Her fingers pressed onto the scarred tabletop. “I was the one who put him away.” She’d made her career on that case. She’d been twenty-eight when she prosecuted the Butcher. Twenty-eight and secretly terrified of the monster who sat in the courtroom with her. But Lauren hadn’t let fear stop her. She’d done her job. Convicted that murdering SOB.
By the time she’d turned twenty-nine, the Butcher had been in Angola and she’d already been the DA. A DA who still had nightmares because of that case.
“Fuck, Lauren.” Paul’s hand crept toward hers. A crack had appeared in his mask. “I wasn’t even on duty when the call came through about Walker and you. The captain just sent me in here when you pulled up with the uniforms. I got the shortest f**king briefing on record.” His gaze held hers as his fingers covered her hand. “But if that sick sonofabitch is actually back and targeting you—”
The door opened behind Paul. Lauren glanced up, expecting to see the face of another detective or maybe even someone from her office.
She didn’t expect to see U.S. Marshal Anthony Ross standing there.
For a second, she simply stared at him as the memories came rushing back. Once, she would have done just about anything for that man. She’d wanted him more than breath. Needed him with a fierce desire that just wouldn’t stop.
Then she remembered…
He’d just walked away.
He’d been so busy walking that he hadn’t noticed when he left her in damn pieces behind him.
His gaze—a green that was bright and intense—dropped to her hand. Paul’s hand. His square jaw seemed to harden, then he stalked forward, even as Paul leaped to his feet.
“This is an interrogation,” Paul began as his body blocked Ross’s. “You can’t barge in here—”
“It’s one cozy interrogation,” Anthony muttered. “I bet that technique works wonders with the suspects.”
He shouldered around Paul.
Paul grabbed his arm. “Who the hell are you and just why are you in my interrogation?”

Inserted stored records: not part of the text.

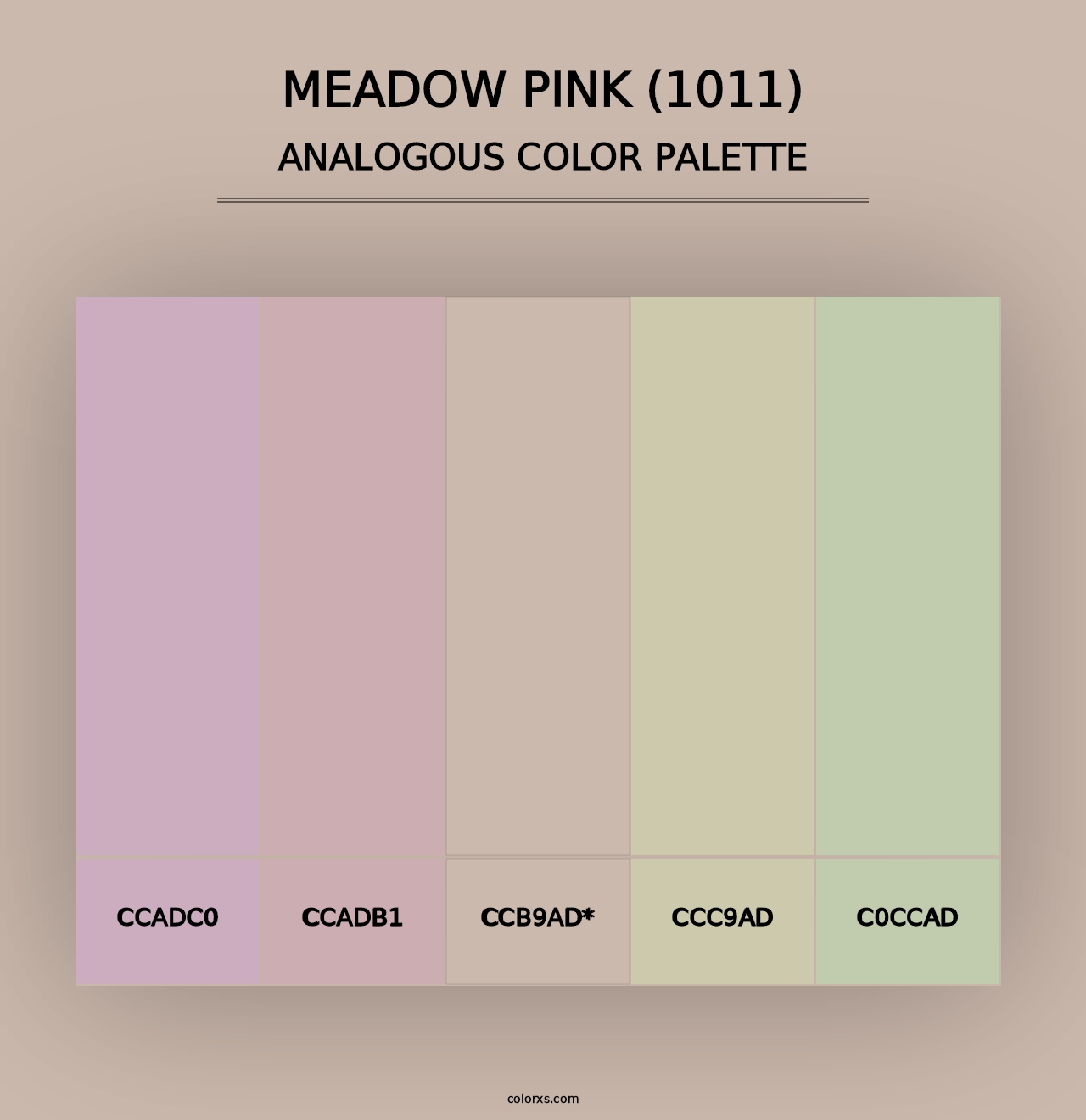 Meadow Pink (1011) - Analogous Color Palette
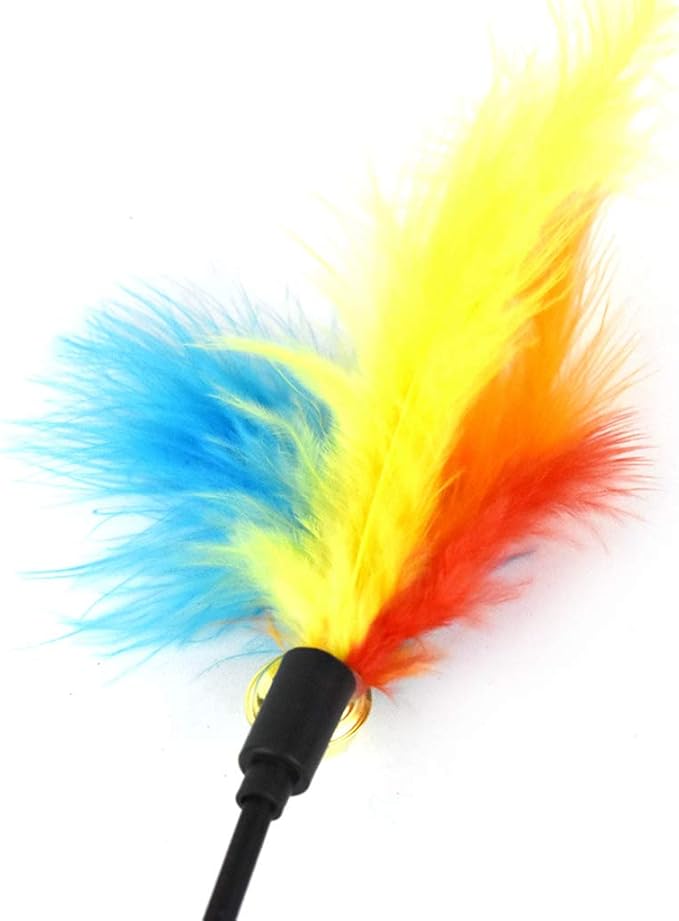 Cat Toys, Cat Toy Wand with Bells Cats Interactive Teaser Toy Teaser Wand for Cats Kittens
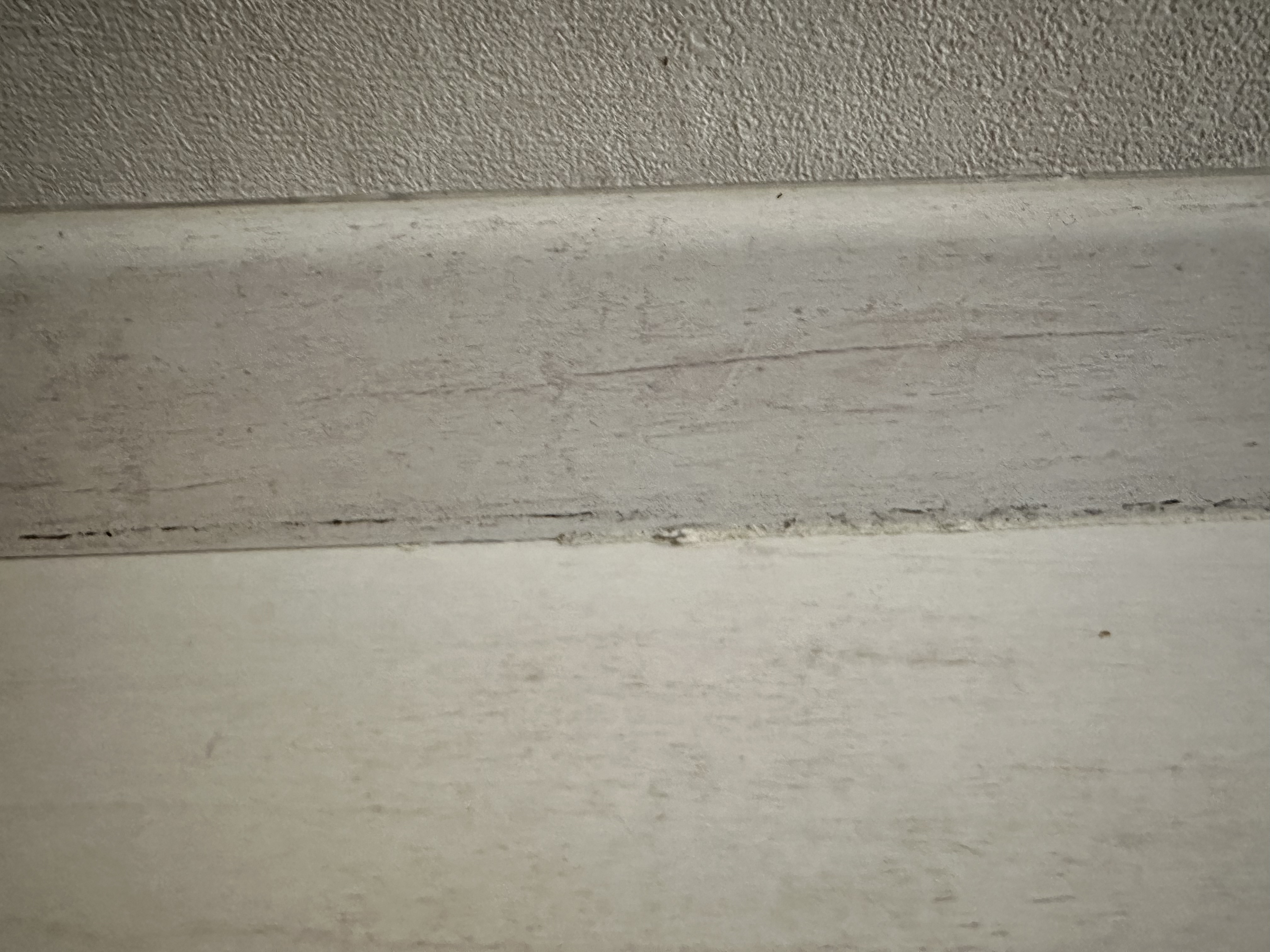 Photo n° 4 de l'avis de Maloue. fait le 29/01/2024 à 16:54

Anthony yanked out his ID. “U.S. Marshal Anthony Ross.”
Paul blinked.
“And I’m here because I’m in charge of tracking the escaped fugitive Jon Walker.” Lauren could almost hear the dumbass that she knew Anthony wanted to tack on the end of his statement. Anthony had never been gifted with a whole lot of patience—or finesse.
Paul backed away.
Then Anthony bent over her. His hands swept over Lauren’s arms. “Were you hurt?” There was a deeper, more intimate note in his voice. One that reminded her far too much of other times.
She shook her head. “I wasn’t the one he stabbed.”
“No, but you were the target.”
That seemed to be the consensus, dammit. Anthony sure seemed certain enough of that. She stared into his eyes, seeing the faint gold around his pupils. Anthony was big, easily six feet three, with wide shoulders that had once done him proud during his college football days.
But he didn’t run on the field anymore.
Now he ran down fugitives. Protected witnesses.
Stared at her with a leashed fury in his eyes.
“Are we even sure it’s Walker?” Paul’s question was quiet, considering. “I mean, there are other killers out there.”
He was right. There were plenty of killers loose out there. But Jon Walker was in a category all by himself.
Paul shook his head. “Walker just escaped from prison—shouldn’t his first move have been a run for the border?”
Anthony’s expression never changed. “Not if he wanted revenge.”
Her heart beat faster.
Anthony’s stare was unnerving as he told her, “He had a picture of you in his cell. I don’t know how or when he got it, but Walker had it pinned right above his pillow, just where he could see it every night.”
A shiver slid over her.
“He escapes, then twenty-four hours later, a woman winds up dead, stabbed in your bed, Butcher-style.”
Paul stood behind Anthony, silent, but with an avid gaze on them.
“You don’t have to be a genius to connect those dots,” Anthony growled. “Walker’s coming for you. You put him in prison. You’re the one he wants dead.”